Tacla’s work encloses the magnetism of a frozen moment within History. Or perhaps post-History, because it represents the moments of a recently devastated civilization. Something inside the spectator plays with the feelings of nostalgia and the seduction of the devastated, of a spell of extinction and horror, “the sublime of the images, without ceasing to see their horror,” sums up the artist. Tacla brings with his paintings the same affliction that seized him after seeing the effects of the devastating earthquake in Chile in 1985: “It feels like a kind – which is the opposite to gravity? – of vertigo,” he explains in an interview with Laurence Weschler. Not surprisingly, Tacla has been defined as the painter of destruction.
In his work, the artist connects the points of his personal history with traces of humanity’s history. His grandparents emigrated from Palestine and Syria, as a consequence of the fall of the Ottoman Empire. The artist’s youth was marked by turbulent moment in the history of Chile, with the rise of communism and the coup d’état of General Pinochet. Tacla saw the effects of La Moneda’s bombardment and when the conservatory where he studied music closed, he ended up studying painting and emigrated to New York. The artist probably began to form those images of devastation, evoking, in turn, a memory of his roots: “my previous history could have made me more receptive to future implications ”, explains the artist. But Tacla sees the ruins, the demolished facades, the shaky structures, as a symbol: “Ruined buildings also contain, for example, intimate scenes, since individual bodies can also be destroyed.” Tacla tries to open a space for reflection, to slow down and perhaps to establish a dialogue about the instability of the world: “everything is constantly moving and destroying itself,” he clarifies. But he is also critical as the world “feels as if we were always at war,” he confesses. The artist presents the exterior of abandoned ruins as well as the interior, as we can see in Señal de Abandono.

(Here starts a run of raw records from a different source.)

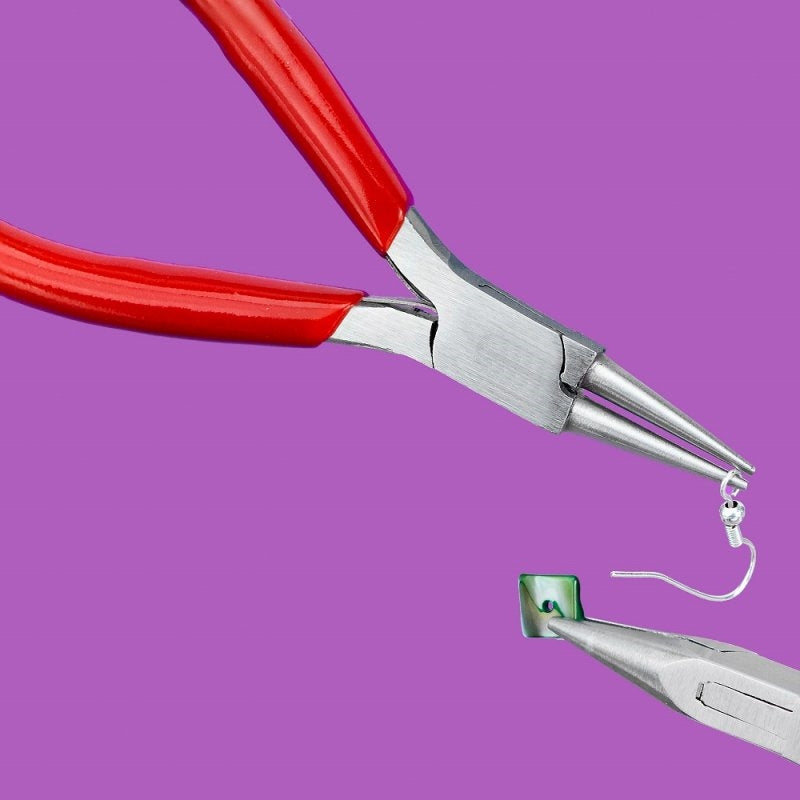Modelcraft PPL1153 Box Joint Round Nose Pliers (115mm) – zdjęcie 4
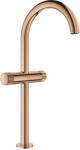 GROHE Atrio Private Collection Egylyukas mosdócsaptelep, 1/2″ XL-es méret 21142DA0 (21142DA0)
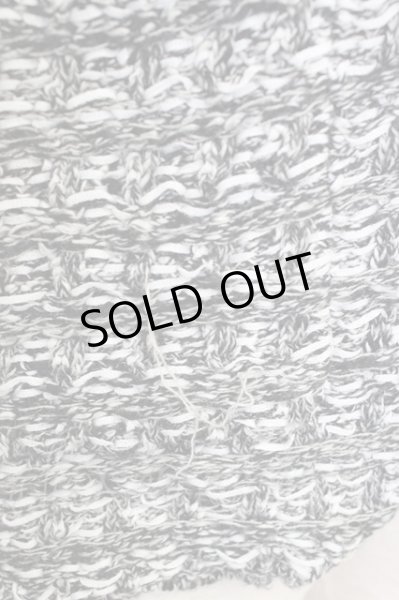 画像6: FUGA / ジャケット.Respect ツイードニットテーラード'14SS 44 ミックス T-24-03-06-009-FU-ja-YM-ZT266 (6)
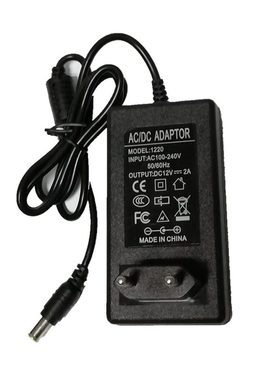 12V2A AC DC  Adapter for LG LCD Monitor W1943SV E1948SX W194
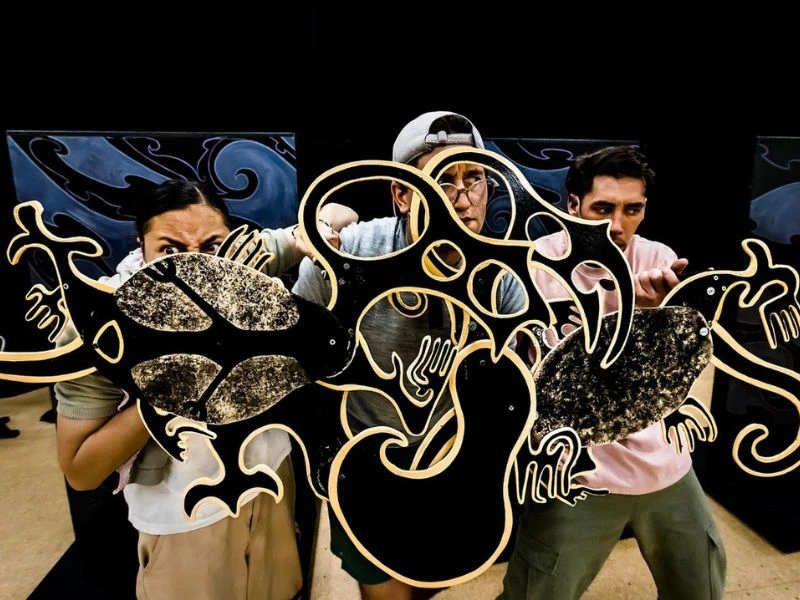 Nieuw Zeeland - Taki Rua project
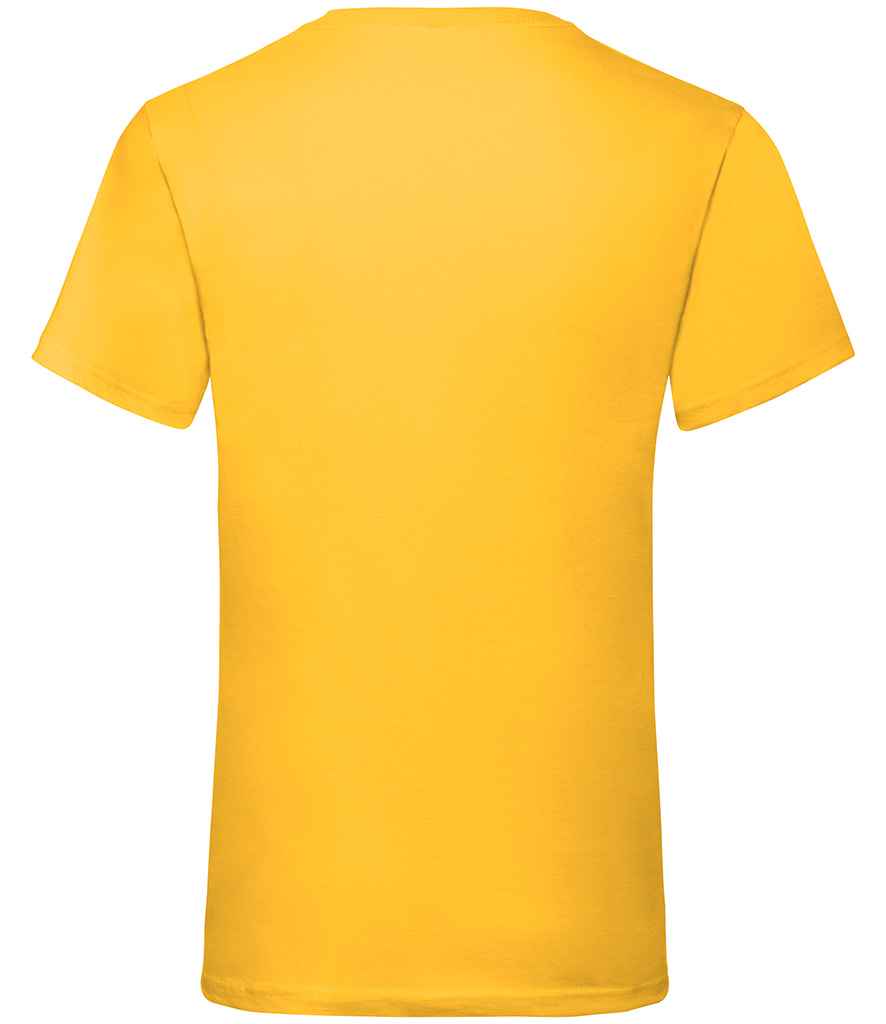 Koszulka Fruit of the Loom V Neck Value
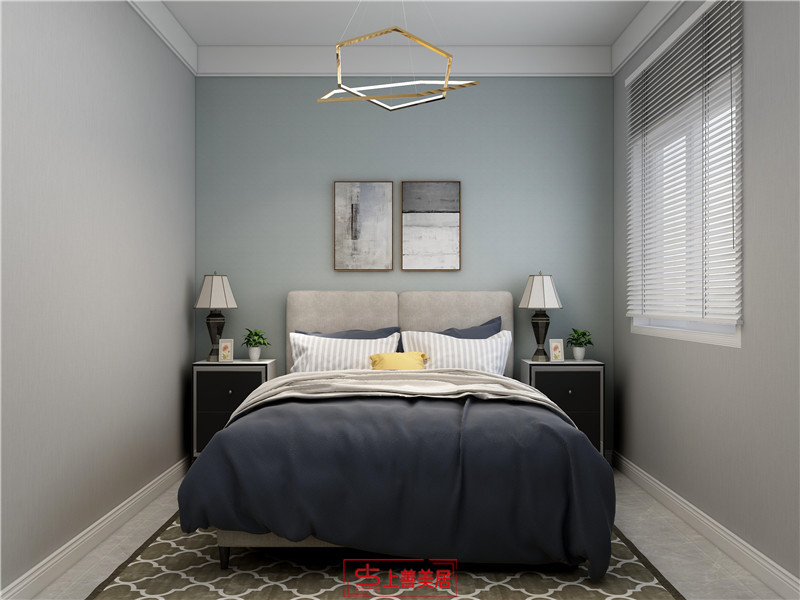 博雅盛世/100㎡/現(xiàn)代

Throughout his career, Tacla has been awarded numerous grants and fellowships. Most recently, Tacla completed a residency at the Rockefeller Foundation Bellagio Center in Bellagio, Italy (2013). Notable awards include New York Foundation for the Arts (1987, 1991); the Eco Art Award, Rio de Janeiro, Brazil (1992); and the John Simon Guggenheim Memorial Foundation (1988), among others. Tacla lives and works in New York City and Santiago, Chile.